L’effetto della decisione è immediato: Remo Perna deve uscire da qualsiasi attività e potrà farvi ritorno non prima di ottobre.  Tutt’altra musica per gli altri nove indagati per i quali il pm aveva chiesto la stessa misura cautelare. Per il presidente Domenico Porfido e per gli altri elementi del collegio sindacale è stato deciso di rigettare  la richiesta perché si erano opposti all’ingresso di Remo Perna all’interno del consiglio d’amministrazione dell’azienda saccarifera. Su Elvio Carugno, il dirigente regionale per il quale era stata chiesta la stessa misura interdittiva, il giudice ha ragionato per priorità. Non ha concesso l’interdizione dal lavoro perché coinvolto nell’inchiesta sul peculato all’interno dello sportello Sprint Molise.  Per effetto di questi reati è ancora rinchiuso all’interno del  carcere di Campobasso e la Guardia di Finanza sta ancora spulciando sui suoi conti credendo di riuscire a scoprire altri ammanchi oltre i 300mila euro ancora accertati.

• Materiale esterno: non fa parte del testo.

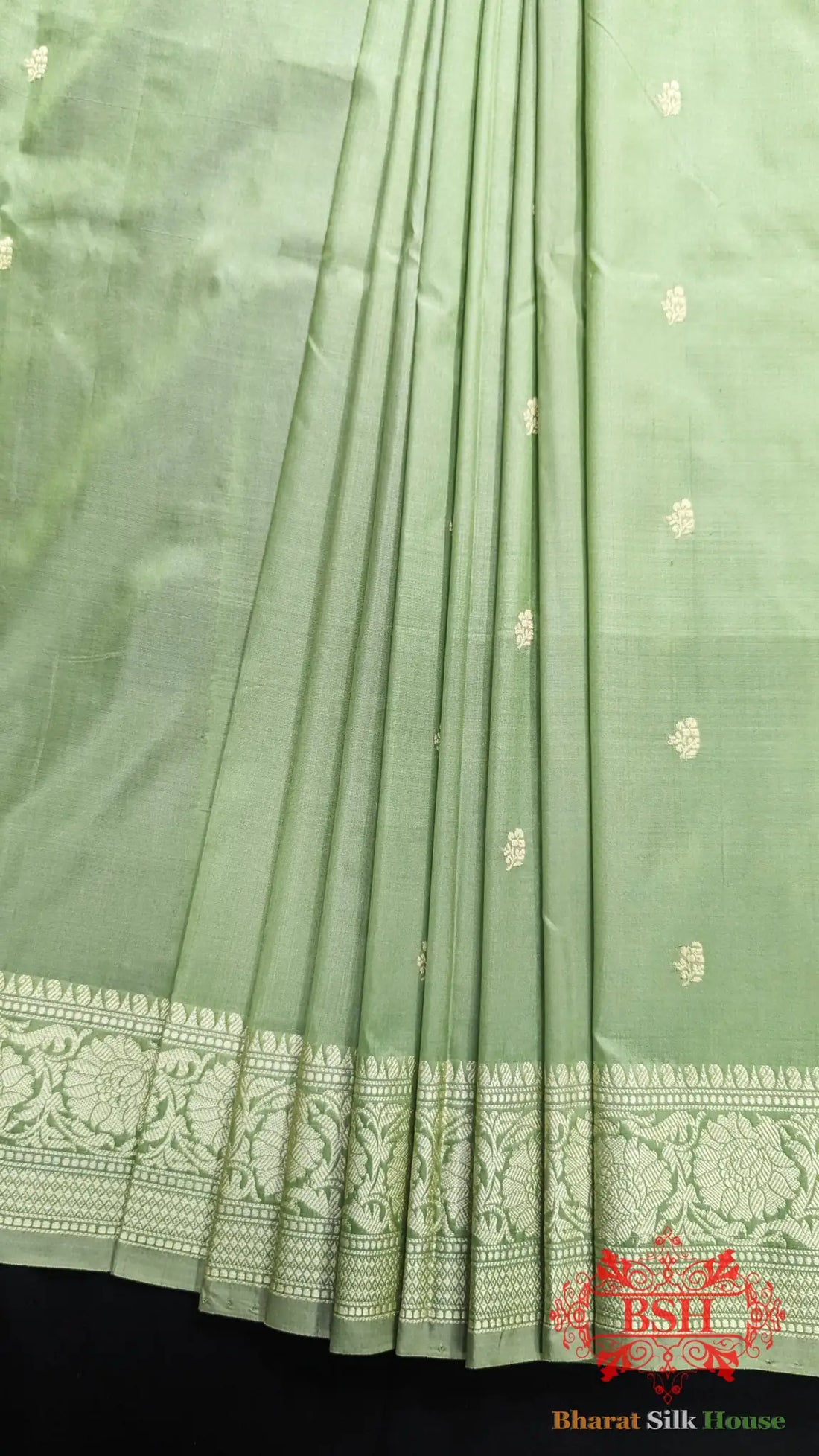 Pure Banarasi Handloom Katan Silk Antique Zari Saree In Shades Of Dark Pis - Bharat Silk House Pure Kataan Silk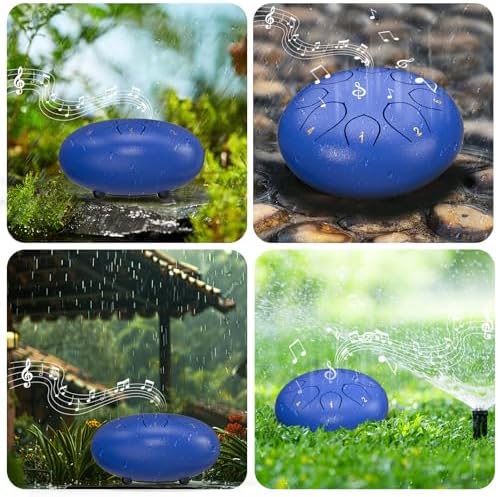 Rain Drum for Outside Garden, 6 Inches 8 Notes Steel Tongue Chakra Drums, Waterproof Meditation Echo Rain Chime, Musical Instruments for Adult Gift with Bag, Music Book (Dark Blue) - Image 4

Ma soprattutto aspettando di verificare altri intrecci con altre situazioni. Il provvedimento  in carcere da solo implica anche che Carugno non possa lavorare all’interno di nessuna società imprenditoriale. L’inchiesta nella quale tredici persone erano coinvolte riguardava il reato di aggiotaggio. Gli indagati avrebbero permesso a Remo Perna  di entrare come socio privato all’interno dello Zuccherificio del Molise svendendo le quote azionarie  di proprietà della famiglia Tesi. L’inchiesta principale, nella quale sono coinvolti anche il presidente della Regione Michele Iorio e l’assessore Gianfranco Vitagliano, è ancora aperta. Il gup potrebbe decidere di fissare la data dell’udienza preliminare a qualsiasi momento.